Orkney’s Enigmatic Seal-ationship: Mapping Dynamics of Eco-Cultural Evolution Of Human-Seal Relations In Orkney Islands
Archaeology Institute Orkney College, University of the Highlands and Islands & Indian Institute of Technology Gandhinagar, Gujarat, India
Camellia is a final year doctoral candidate in the Humanities and Social Sciences department at IIT Gandhinagar, Gujarat, India. Her multidisciplinary thesis focuses on exploring the dynamics of human-non-human relationship in the Indian Sundarbans from the context of climate disasters.
The research aims to understand the complex and intricate relationship between humans and seals, terming it as “seal-ationship,” by investigating how these marine mammals have influenced the cultural and social fabric of Orkney in Scotland. The project explores the historical and contemporary relevance of seals in the lives of the locals, analyzing folktales, myths, and legends, alongside zooarchaeological records.
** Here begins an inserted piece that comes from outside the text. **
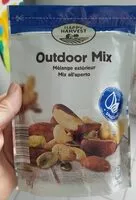 Mängden socker i Melange extérieur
Utilizing oral histories and visual ethnography, the research captures narratives from native communities in Orkney, mapping the cultural evolution of human-seal connections throughout history. Embracing digital humanities, the project curates a narrative GIS digital story map, weaving together spatial events and historical occurrences to provide a comprehensive depiction of this unique bond.
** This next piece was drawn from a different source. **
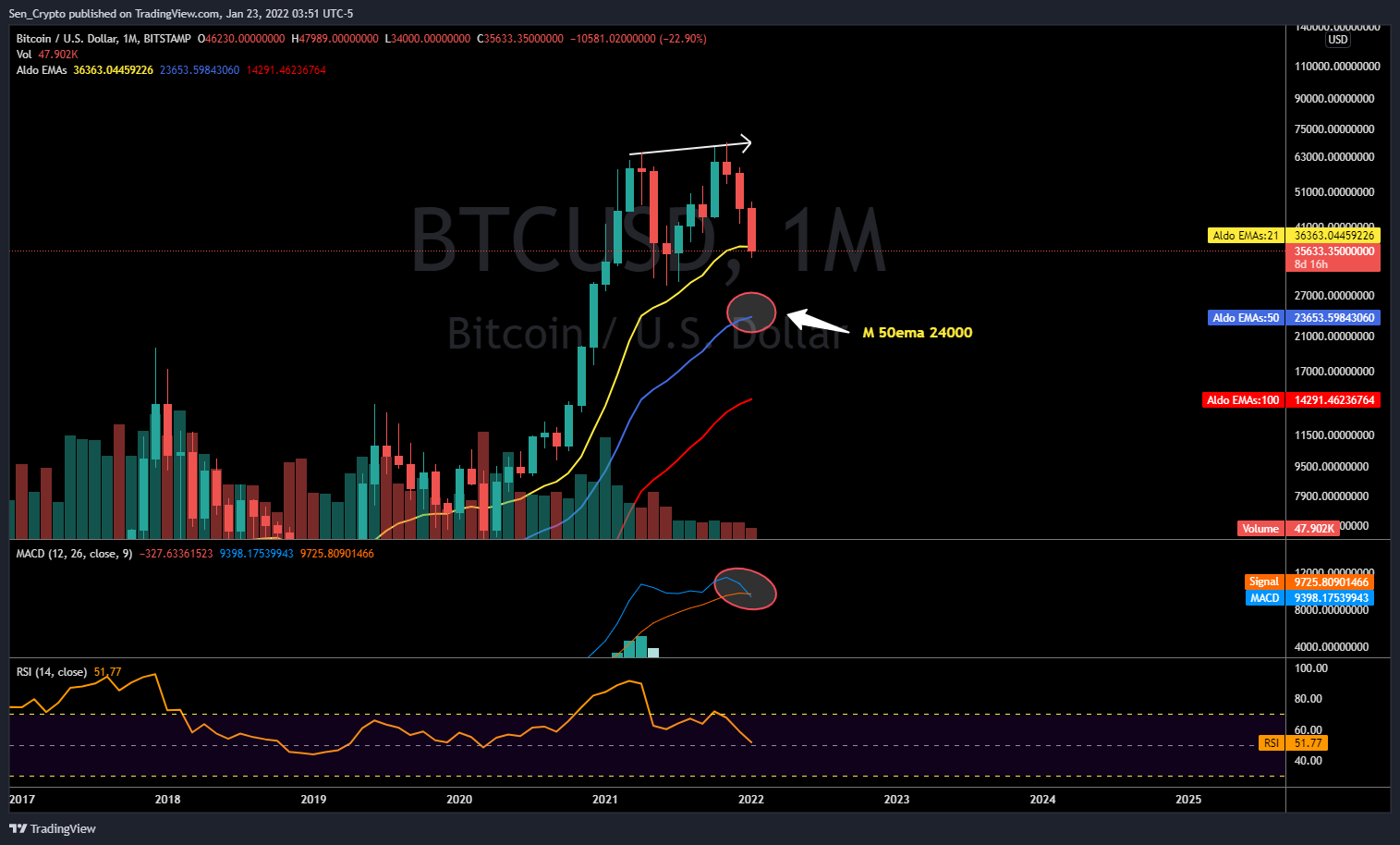 BITSTAMP:BTCUSD Chart Image by Sen_Crypto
As climate change presents new challenges to species conservation, the project seeks to shed light on the delicate balance between human activities and the preservation of seals. Furthermore, the research aims to contribute to informing conservation policies, fostering local engagement, and raising awareness about the profound impact humans have on the natural world. By harmonizing the past and the present, the researchers aim to navigate a path towards a sustainable coexistence between humans and seals, exemplifying the essence of Cluster 1: place, time, and action.